Ecasey, this is a little trick my coach told me when transition down from the canter to trot. Just widen your hands, keeping those elbows at your side. No need to pull back. I get a nice smooooooooth down transition.


----------



## PrivatePilot (Dec 7, 2009)

Sorry, on another topic, that's a small ring - is your coach only letting you canter one time around or are you stopping on your own accord because of the other horse?

Honestly, when we canter in lessons, aside from the fact we work in an arena/ring drasticlaly larger than that, we do at least 3-5 laps at a sustained canter. Sometimes it takes me a half a lap to find my seat properly (especially now that I'm working on my half seat as well) and get in a nice smooth rythm with my horse.

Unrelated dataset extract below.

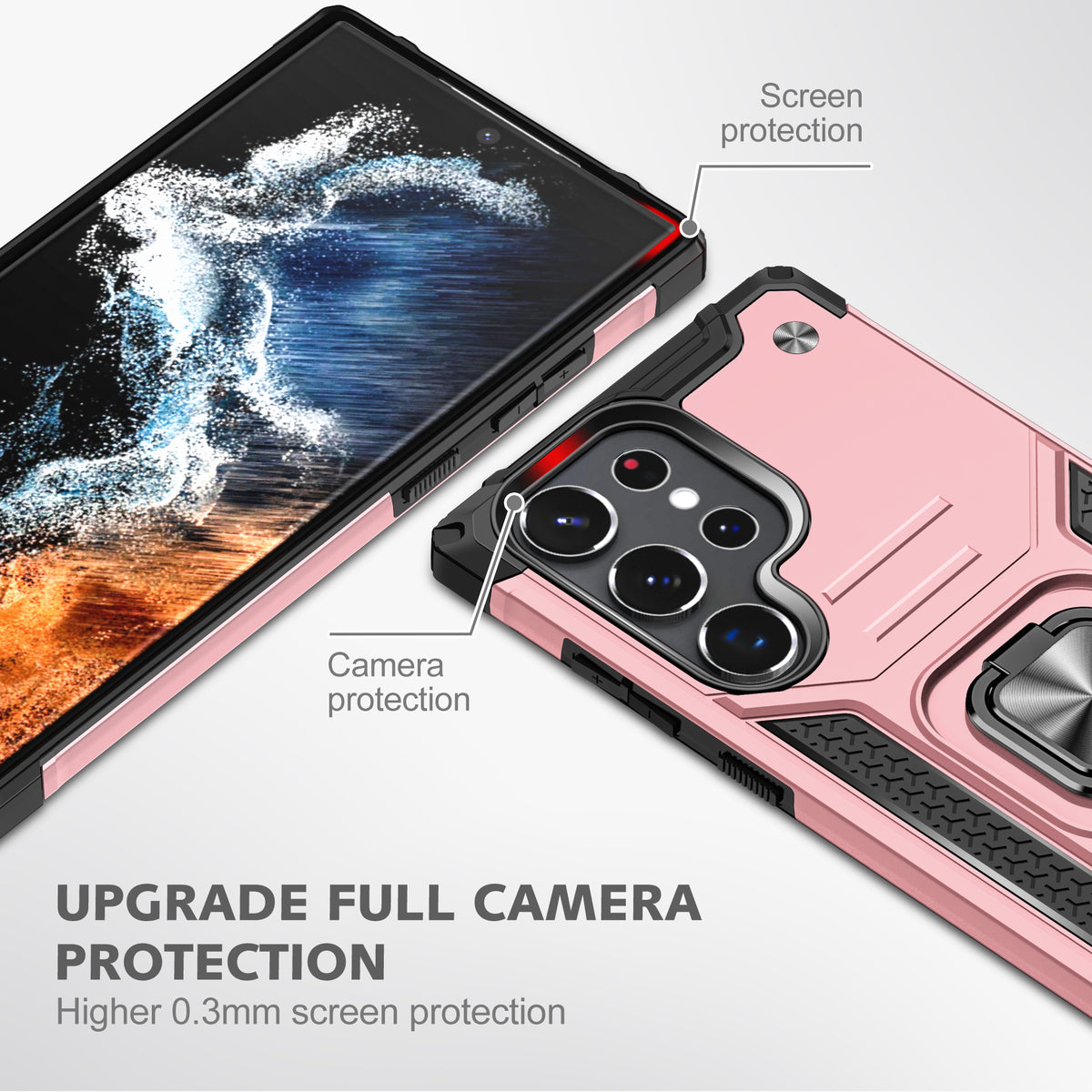 Samsung Galaxy S22 Ultra Rugged Tough Case Shockproof Hybrid Cover PINK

Perhaps ask your coach to get the other rider off the rail and into the center of the ring and take 5 or 8 laps around sustained and you may find you "figure things out" faster.


----------



## Allison Finch (Oct 21, 2009)

You're doing just fine! It's too bad that just about the time you get relaxed and start getting the timing right, it is over. That little horse isn't helping a lot by being counterbent and out of balance...rushing around like that. I think you did a great job. Eventually, you will be able to sit back and roll your seat with the movement of the horse.


----------



## ecasey (Oct 18, 2013)

PrivatePilot said:


> Sorry, on another topic, that's a small ring - is your coach only letting you canter one time around or are you stopping on your own accord because of the other horse?
> 
> ....


The system they use for new canterers and new horses to the stable (mine arrived in January in need of training with regard to being a lesson horse for a beginner) is they all start off in the smaller ring. They also start off with just one time around, so the student can take it in small doses. Then they graduate up to going 3x around the ring. Once they can do that very well in both directions, they graduate up to the big arena. It's really big. I'm not sure of the measurements.

The reason they do it this way is because, in the smaller ring, the horses go slower and are easier to control by a beginner. Once the horse gets into the wide open space of the arena, two things happen: (1) on a beginner rider or a less experienced horse, they go much faster; and (2) the chance of them getting out of control due to the beginner rider's lack of confidence/control is much greater. A horse out of control in a big arena is a much bigger deal than when it happens in a small ring.

So far (on another horse) I've cantered around this small ring 3x in each direction. I have not yet done that on this horse. As a result, I haven't moved up to the big arena. I have, however, ridden this horse in there at a walk and trot, and I can verify from experience that she rides much more forward in there. No way do I want to canter with her in there yet. I'm not ready.

ETA: They use that other horse to help my horse get the signal that it's time to slow down. Once she and I have that down pat, they move the other horse in the lesson into the center so we have a wide open ring to use.


----------



## ecasey (Oct 18, 2013)

@Allison Finch : Thank you! I appreciate your feedback. Yes, my girl has a lot to learn along with me. When she's ridden in the big arena by a more experienced rider, she is balanced and smooth - well, she is after she's gotten some of her **** and vinegar out of her system. ha ha.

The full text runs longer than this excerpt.